Exercise: Give back the full set of entries that follows, exactly as written.
--- START ---
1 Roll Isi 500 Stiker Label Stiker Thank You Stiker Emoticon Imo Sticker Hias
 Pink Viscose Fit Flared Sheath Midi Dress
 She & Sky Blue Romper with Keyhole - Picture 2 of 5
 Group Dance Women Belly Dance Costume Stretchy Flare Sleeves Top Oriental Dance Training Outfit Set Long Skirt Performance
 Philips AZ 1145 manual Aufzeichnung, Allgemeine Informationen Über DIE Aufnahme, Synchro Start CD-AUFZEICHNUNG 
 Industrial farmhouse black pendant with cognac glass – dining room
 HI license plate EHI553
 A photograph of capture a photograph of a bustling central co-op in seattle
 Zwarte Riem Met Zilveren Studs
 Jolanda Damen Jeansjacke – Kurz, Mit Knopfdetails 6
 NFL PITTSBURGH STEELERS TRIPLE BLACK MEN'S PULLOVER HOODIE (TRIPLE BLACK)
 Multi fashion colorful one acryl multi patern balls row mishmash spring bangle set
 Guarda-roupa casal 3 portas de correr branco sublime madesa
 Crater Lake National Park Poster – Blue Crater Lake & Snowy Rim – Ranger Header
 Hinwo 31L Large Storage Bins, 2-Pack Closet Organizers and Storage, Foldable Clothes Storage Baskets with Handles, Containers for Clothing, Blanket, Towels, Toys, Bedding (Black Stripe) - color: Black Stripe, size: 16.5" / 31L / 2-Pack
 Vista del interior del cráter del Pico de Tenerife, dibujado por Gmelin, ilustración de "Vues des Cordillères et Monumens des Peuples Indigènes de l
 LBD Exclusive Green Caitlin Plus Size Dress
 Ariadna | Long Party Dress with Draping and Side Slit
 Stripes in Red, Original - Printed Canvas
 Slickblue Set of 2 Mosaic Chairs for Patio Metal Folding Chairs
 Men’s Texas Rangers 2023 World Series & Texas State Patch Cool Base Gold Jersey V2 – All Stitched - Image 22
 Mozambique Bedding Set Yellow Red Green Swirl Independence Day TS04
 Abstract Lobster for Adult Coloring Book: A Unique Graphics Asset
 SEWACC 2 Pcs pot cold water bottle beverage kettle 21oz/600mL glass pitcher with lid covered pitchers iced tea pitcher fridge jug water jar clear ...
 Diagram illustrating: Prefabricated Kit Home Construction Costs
--- END ---
Exercise output:
1 Roll Isi 500 Stiker Label Stiker Thank You Stiker Emoticon Imo Sticker Hias
 Pink Viscose Fit Flared Sheath Midi Dress
 She & Sky Blue Romper with Keyhole - Picture 2 of 5
 Group Dance Women Belly Dance Costume Stretchy Flare Sleeves Top Oriental Dance Training Outfit Set Long Skirt Performance
 Philips AZ 1145 manual Aufzeichnung, Allgemeine Informationen Über DIE Aufnahme, Synchro Start CD-AUFZEICHNUNG 
 Industrial farmhouse black pendant with cognac glass – dining room
 HI license plate EHI553
 A photograph of capture a photograph of a bustling central co-op in seattle
 Zwarte Riem Met Zilveren Studs
 Jolanda Damen Jeansjacke – Kurz, Mit Knopfdetails 6
 NFL PITTSBURGH STEELERS TRIPLE BLACK MEN'S PULLOVER HOODIE (TRIPLE BLACK)
 Multi fashion colorful one acryl multi patern balls row mishmash spring bangle set
 Guarda-roupa casal 3 portas de correr branco sublime madesa
 Crater Lake National Park Poster – Blue Crater Lake & Snowy Rim – Ranger Header
 Hinwo 31L Large Storage Bins, 2-Pack Closet Organizers and Storage, Foldable Clothes Storage Baskets with Handles, Containers for Clothing, Blanket, Towels, Toys, Bedding (Black Stripe) - color: Black Stripe, size: 16.5" / 31L / 2-Pack
 Vista del interior del cráter del Pico de Tenerife, dibujado por Gmelin, ilustración de "Vues des Cordillères et Monumens des Peuples Indigènes de l
 LBD Exclusive Green Caitlin Plus Size Dress
 Ariadna | Long Party Dress with Draping and Side Slit
 Stripes in Red, Original - Printed Canvas
 Slickblue Set of 2 Mosaic Chairs for Patio Metal Folding Chairs
 Men’s Texas Rangers 2023 World Series & Texas State Patch Cool Base Gold Jersey V2 – All Stitched - Image 22
 Mozambique Bedding Set Yellow Red Green Swirl Independence Day TS04
 Abstract Lobster for Adult Coloring Book: A Unique Graphics Asset
 SEWACC 2 Pcs pot cold water bottle beverage kettle 21oz/600mL glass pitcher with lid covered pitchers iced tea pitcher fridge jug water jar clear ...
 Diagram illustrating: Prefabricated Kit Home Construction Costs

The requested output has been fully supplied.